Nos despertamos en un lugar tranquilo (como siempre, mi papi elige los mejores spots para dormir) y no tardamos en ponernos en marcha hacia el castillo de Bran, también conocido como el castillo de Drácula. Aunque os digo una cosa, no vi ni un colmillo afilado ni capas negras volando por ahí... ¡menuda decepción!
El trayecto fue cortito, menos mal, porque a mí eso de ir en coche no me hace ninguna gracia. ¿A quién le gusta estar ahí sentado, botando con cada curva? A mí no, desde luego. Pero bueno, un viaje corto siempre es más llevadero porque paso menos estrés. ¡Eso se agradece!
Cuando llegamos, el ambiente era una mezcla de mercadillo medieval y feria de pueblo: montones de puestos de comida, souvenirs de Drácula por todas partes y un montón de tiendecitas para turistas. A pesar de ser temporada baja, bastantes turistas rondaban por ahí, pero nada que ver con la estampida que debe formarse en temporada alta. De verdad, ¡esto en pleno verano tiene que ser tremendo!
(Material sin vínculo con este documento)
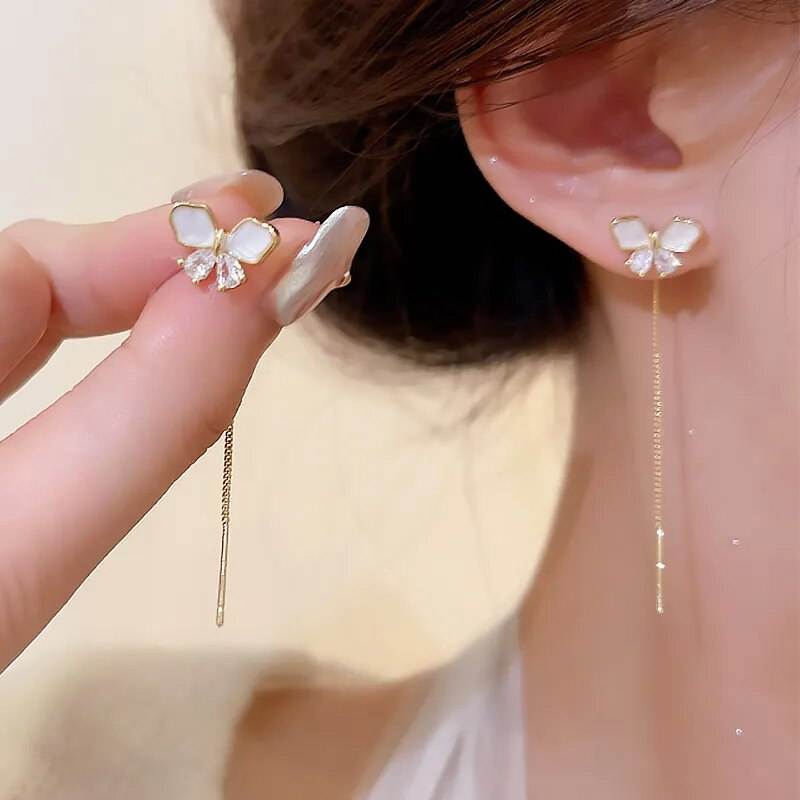 Shop All I Want 24 SHOP ALL I WANT Korean Pearl Earrings ✨🌟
Al principio mi papi y mi títo Joan no querían entrar al castillo porque habían leído que costaba un pastizal, casi 20 euros por persona. Al ver que la entrada no era tan cara (aunque seguía siendo un mordisco al bolsillo) cambiaron de opinión.
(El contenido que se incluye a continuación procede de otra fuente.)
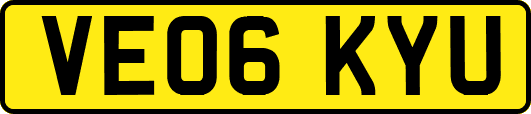 VE06KYU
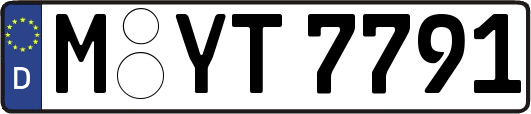 M-YT7791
Aquí viene el drama: ¡yo no podía entrar! Parece que eso de ser un perro viajero no abre todas las puertas. Así que mi papi me llevó de vuelta al camper, donde me quedé como guardián oficial mientras ellos exploraban el castillo. Según ellos, el sitio es más un parque temático que un monumento histórico, pero lo pasaron bien haciendo fotos por todos lados, tanto por dentro como en el jardín.
Después de almorzar en la cámper, en un claro en el bosque con troncos cubiertos de nieve, nos pusimos en en marcha para avanzar hacia Bucarest.
Y ahí empezó la pesadilla: obras y más obras. El viaje por carretera no avanzaba, ¡creo que vi una tortuga adelantándonos! Pronto se hiciera de noche, así que mi papi decidió cambiar de plan y buscamos un lugar para dormir no tan lejos. Nos desviamos por un camino de tierra que subía y subía, como si buscáramos el mismísimo castillo de los dioses. Después de unos 7 kilómetros llegamos a un lugar de película: vistas al valle, protegido del viento, y una paz que ni Drácula en sus mejores noches de descanso.
Eso sí, hacía un frío que se colaba hasta en mi pelaje. Así que tocó retirada estratégica a la cámper. La noche terminó con mantita, peli y muchos sueños... porque mañana, ¡más aventuras nos esperan! ¿A que este viaje tiene de todo?